JOHN Lewis Partnership’s June predictions of low-to-zero profits for the first half of 2018 have proven precise, rather than pessimistic: a plunge of 99 percent over the corresponding period for the previous year.
The group’s six-month profit (including Waitrose outlets, which are owned by the John Lewis Partnership), was just £1.2m. In the first six months of 2017, that figure was £26.6m.
The most recent result, to July 28, comes on the back of a healthy sounding £5.5bn in sales.
The dire final outcome has been attributed to the group outlets matching discounted sales days held by its high street competitors. John Lewis pledges to match competitors’ prices, whose bold discounting in frequent “extravaganza days” has dragged John Lewis margins lower still.
The pound has also slumped since the Brexit vote, pushing up import costs for British retailers.
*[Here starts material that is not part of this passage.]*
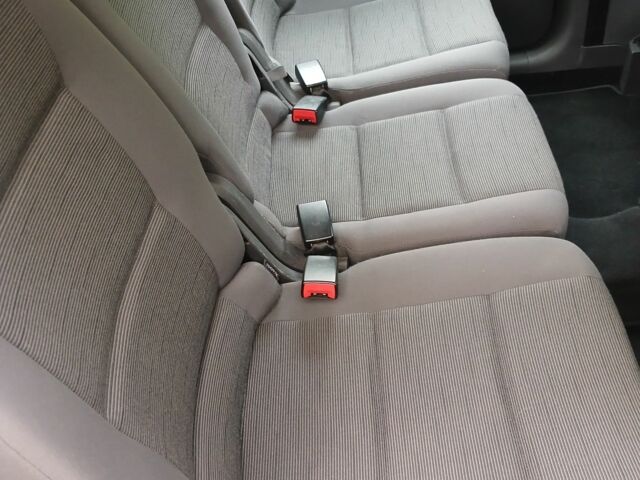 Черный Фольксваген Туран, объемом двигателя 1.6 л и пробегом 248 тыс. км за 8299 $, фото 20 на Automoto.ua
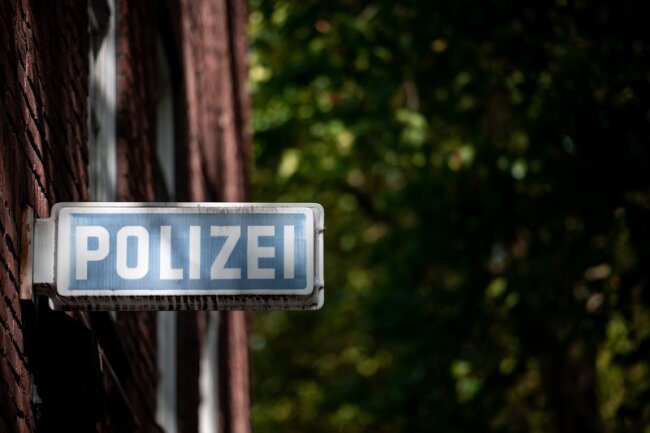 Übergriff auf Frau in Chemnitz: Hinweis führt zu 29-Jährigem - Nach einem sexuellen Übergriff auf eine 24 Jahre alte Frau am 28. August in der Nähe der Mühlenstraße in Chemnitz hat die Polizei am Mittwochabend einen Verdächtigen gestellt.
The June warning of a drop in six-monthly profits was blamed by John Lewis chairman Sir Charlie Mayfield on market uncertainty caused by the UK’s vote to leave the EU.
Full-year profits for the John Lewis Partnership could fall lower still, the group warns.
As of this month, the company’s rebranding of its stores – under the titles John Lewis & Partners and Waitrose & Partners – comes into force. (The group’s 85,000 staff members are the “partners” referred to in the titles; they are given an annual bonus based on group profits.)
Five British Waitrose outlets – four convenience shops and a supermarket – were earmarked for closure in the wake of the initial profit warnings, as reported in BV. Two Little Waitrose stores in Manchester, one in Birmingham and one in London, are due for closure, along with a Camden supermarket.
There has been no announcement of further closures, nor how many jobs may be affected. The group has said it will continue to invest in product development.
The company has been realistic in facing-up to the dismal situation. It said in an announcement that it expects full-year profits “to be substantially lower than last year”.